26

Let's take Wes Dyer's approach to function memoization as the starting point:

public static Func<A, R> Memoize<A, R>(this Func<A, R> f)
{
  var map = new Dictionary<A, R>();
  return a =>
    {
      R value;
      if (map.TryGetValue(a, out value))
        return value;
      value = f(a);
      map.Add(a, value);
      return value;
    };
}

The problem is, when using it from multiple threads, we can get into trouble:

Func<int, int> f = ...
var f1 = f.Memoize();
...
in thread 1:
var y1 = f1(1);
in thread 2:
var y2 = f1(1);
// We may be recalculating f(1) here!

Let's try to avoid this. Locking on map:

public static Func<A, R> Memoize<A, R>(this Func<A, R> f)
{
  var map = new Dictionary<A, R>();
  return a =>
    {
      R value;
      lock(map) 
      {
        if (map.TryGetValue(a, out value))
          return value;
        value = f(a);
        map.Add(a, value);
      }
        return value;
    };
}

is clearly a horrible idea, because it prevents us from calculating f1 on many different arguments at once. Locking on a won't work if a has a value type (and at any rate is a bad idea, since we don't control a and outside code may lock on it, too).

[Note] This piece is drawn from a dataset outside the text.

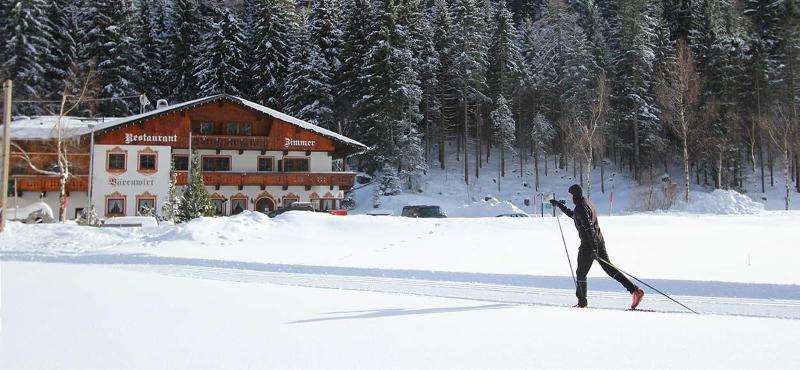 Pension Bärenwirt - Genel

Here are two options I can think of:

Assuming a Lazy<T> class for lazy evaluation (see here):

public static Func<A, R> Memoize<A, R>(this Func<A, R> f)
{
  var map = new Dictionary<A, Lazy<R>>();
  return a =>
    {
      Lazy<R> result;
      lock(map) 
      {
        if (!map.TryGetValue(a, out result))
        {  
          result = () => f(a);
          map.Add(a, result);
        }
      }
      return result.Value;
    };
}

Or keeping an additional dictionary of objects for synchronization:

public static Func<A, R> Memoize<A, R>(this Func<A, R> f)
{
  var map = new Dictionary<A, R>();
  var mapSync = new Dictionary<A, object>();
  return a =>
    {
      R value;
      object sync;
      lock(mapSync)
      { 
        if (!mapSync.TryGetValue(a, out sync))
        { 
          sync = new object();
          mapSync[a] = sync;
        }
      }
      lock(map)
      {
        if (map.TryGetValue(a, out value))
          return value;
      }
      lock(sync)
      {
        value = f(a);
        lock(map)
        {
          map[a] = value;
        }
        return value;
      }
    };
}

Any better options?

Alexey Romanov
  • 167,066
  • 35
  • 309
  • 487

7 Answers7

44

Use .net 4.0's ConcurrentDictionary<A, R> without the unnecessary Lazy<R>.
The key is GetOrAdd(A, Func<A, R>) which renders into a beautifully trivial lambda.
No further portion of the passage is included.